■ Problem statement
Everything from the line containing "Decorative Transfers Scooter" through the line containing "RTS NO MOQ Embroidery" should be repeated exactly, and nothing else from the data.

■ Supplied material
"""

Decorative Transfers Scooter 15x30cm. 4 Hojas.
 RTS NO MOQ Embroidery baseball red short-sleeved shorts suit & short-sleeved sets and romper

"""
"""

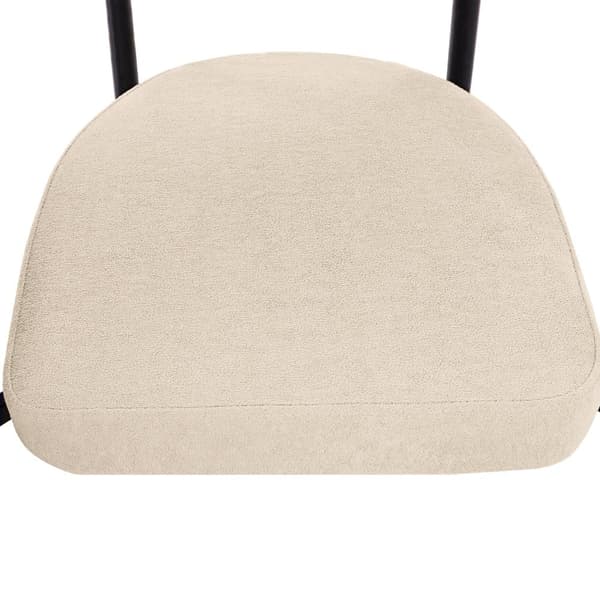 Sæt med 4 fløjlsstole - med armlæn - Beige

"""
"""

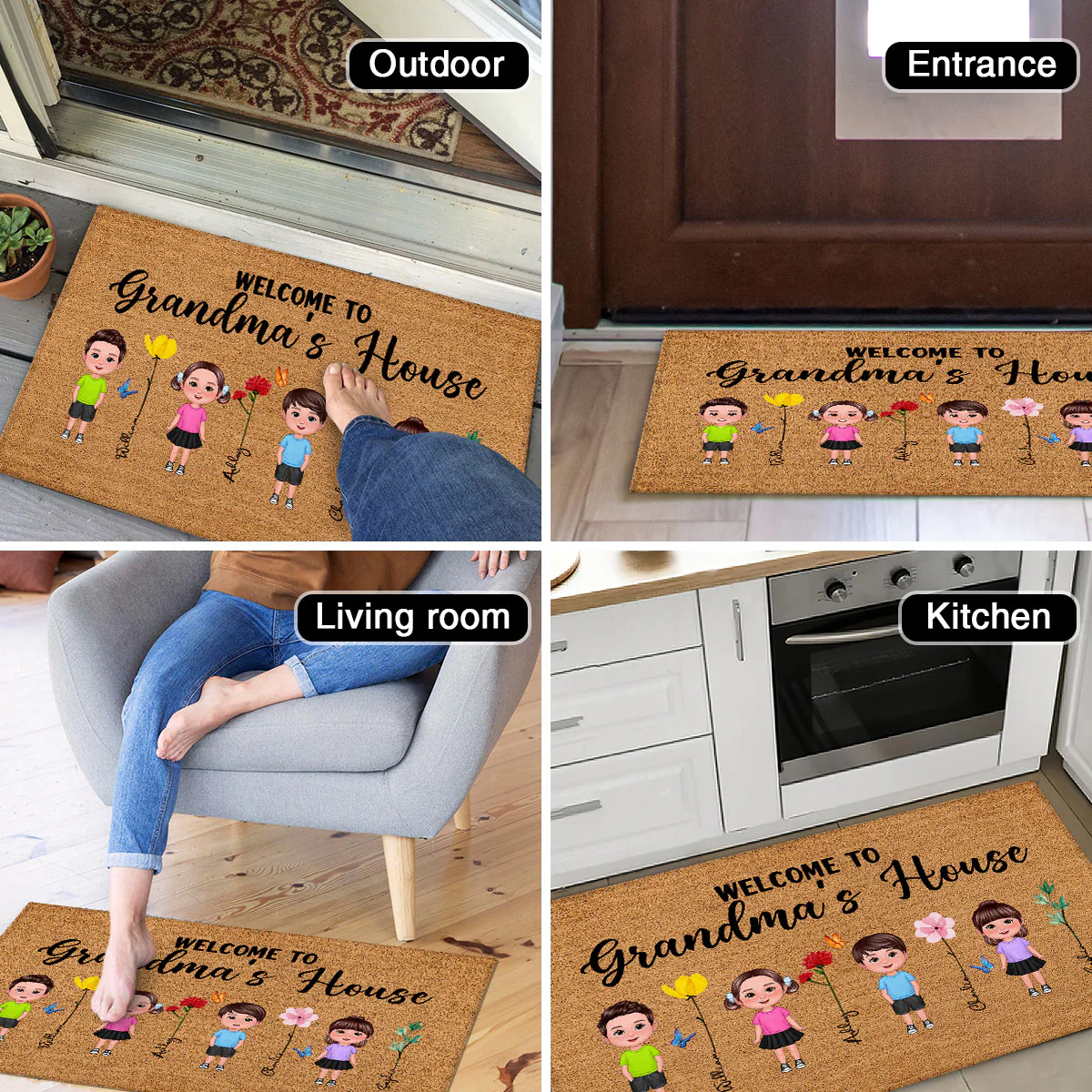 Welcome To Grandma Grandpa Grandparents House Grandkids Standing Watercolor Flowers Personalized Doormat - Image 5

"""

■ Solved exercise
Decorative Transfers Scooter 15x30cm. 4 Hojas.
 RTS NO MOQ Embroidery baseball red short-sleeved shorts suit & short-sleeved sets and romper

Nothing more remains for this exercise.